Occupancy Management : Occupancy Apps are the Right Solution
Occupancy Management : Occupancy Apps are the Right Solution
By Gary Angel
|September 2, 2020
Occupancy Apps are the best way to deliver occupancy management – not web-based reporting. Why? It stems from the basic uses of an occupancy management system that make it different than most of the rest of what our tools are used for.
Most of our DM1 analytic platform is delivered by the web. You can use a mobile device to access it, but the experience is limited. Even Google’s truly excellent mobile app for Google Analytics is best seen as a minor adjunct to the full Google Analytics tool – useful for when you absolutely must be away from a laptop. So far, at least, not even Google has figured out how to do deliver good analytics on a small screen.
But when it came time to deliver our real-time Occupancy system, we switched gears and chose Mobile Apps as the primary delivery platform and we switched our entire development environment to accommodate and maximize that choice.
Why?
Occupancy management isn’t really analytic. Sure, our Occupancy Management system features a temperature gauge and a few numbers, but the people using it don’t have to understand analytics. All they need to know is “Green is good” and “Red is Bad”.
The temperature gauge is a simple visual indicator that makes it easy to see if you’re close to a problem or not. The current occupancy – in truth the only really essential number in the whole App – is all anyone actually needs to know. Everything else is just context.
We did build out a short view of the last ten minutes – that’s to help Store Managers understand how rapidly the situation is changing.
But you can use the App effectively without ever even looking at any of that.

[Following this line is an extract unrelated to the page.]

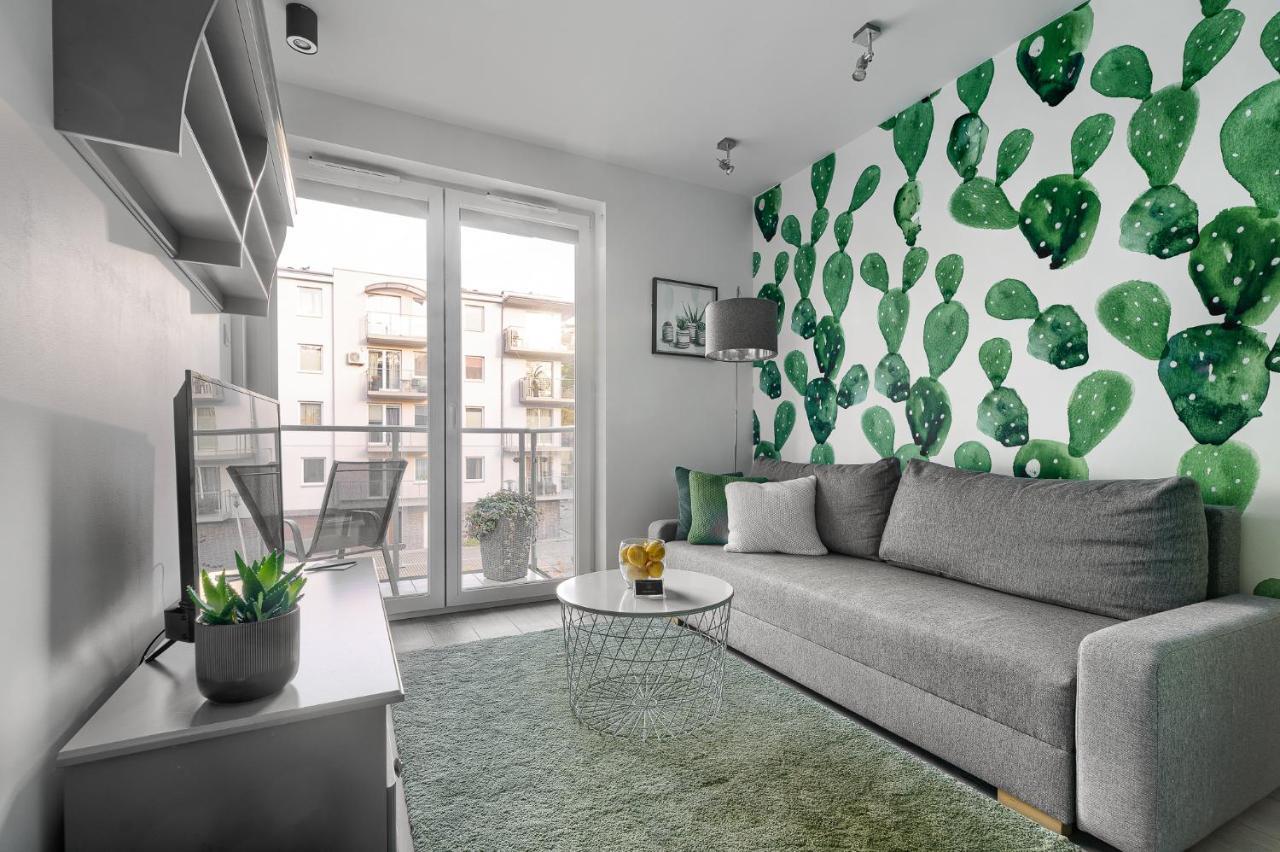 Apartamenty Superiore Dziwnówek Buitenkant foto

It tells you when Alert thresholds are crossed – and if all you need to know is when that happens, you don’t even need the bar charts or current occupancy.
What all this means is that for effective Occupancy Management, the important capability isn’t analysis. It’s immediacy. The only thing people absolutely need to know is if there is something they need to do RIGHT NOW. And since there are only a couple numbers involved in keeping track of that (current occupancy, max occupancy, alert threshold), limited screen size isn’t an issue and Apps provide a significantly better Alerting environment than browsers.
In most physical situations, immediacy can only be achieved on a device. Except at cash-wrap, people aren’t constantly in front of a device. But by supporting Android and iOS, we could deliver occupancy on phones, tablets and specialized work devices built on top of Android. Supporting web too just completes the trifecta. It means Managers can have a view in their laptop browser while the system can Alert associates who may be almost anywhere in the building. It also means we can the real-time Occupancy feed and source it into public iFrames so our clients can use it to give information back to their clientele:
This public view is a huge advantage. In these times, Occupancy is public data – and by making it available to shoppers or students, you help people plan their visit and feel both safer and more informed.
Even better, the combination of real-time Occupancy and public views has allowed to us develop extensions for queuing and reservation systems that significantly extend the business capabilities. These systems make it possible for businesses to run virtual cues, to space visits more intelligently, and to manage lines and pickups with aplomb.
Not every part of the Occupancy Management system was built in Flutter or lives in App. We chose to build the Administration function as Web only and used a more traditional development environment. Like analytics, administration is just poor on a Mobile Device. It’s easier to make the admin smooth and robust when you have more screen space and a better typing environment to work with!
As a developer, it’s easy to get wedded to a single environment or toolkit – and there’s good reasons for sticking with what you know. It almost always makes the development process more predictable (and often faster in the initial stages). This is a case where trying something different allowed us to custom fit the tools to the job and has, on the whole, worked out pretty well.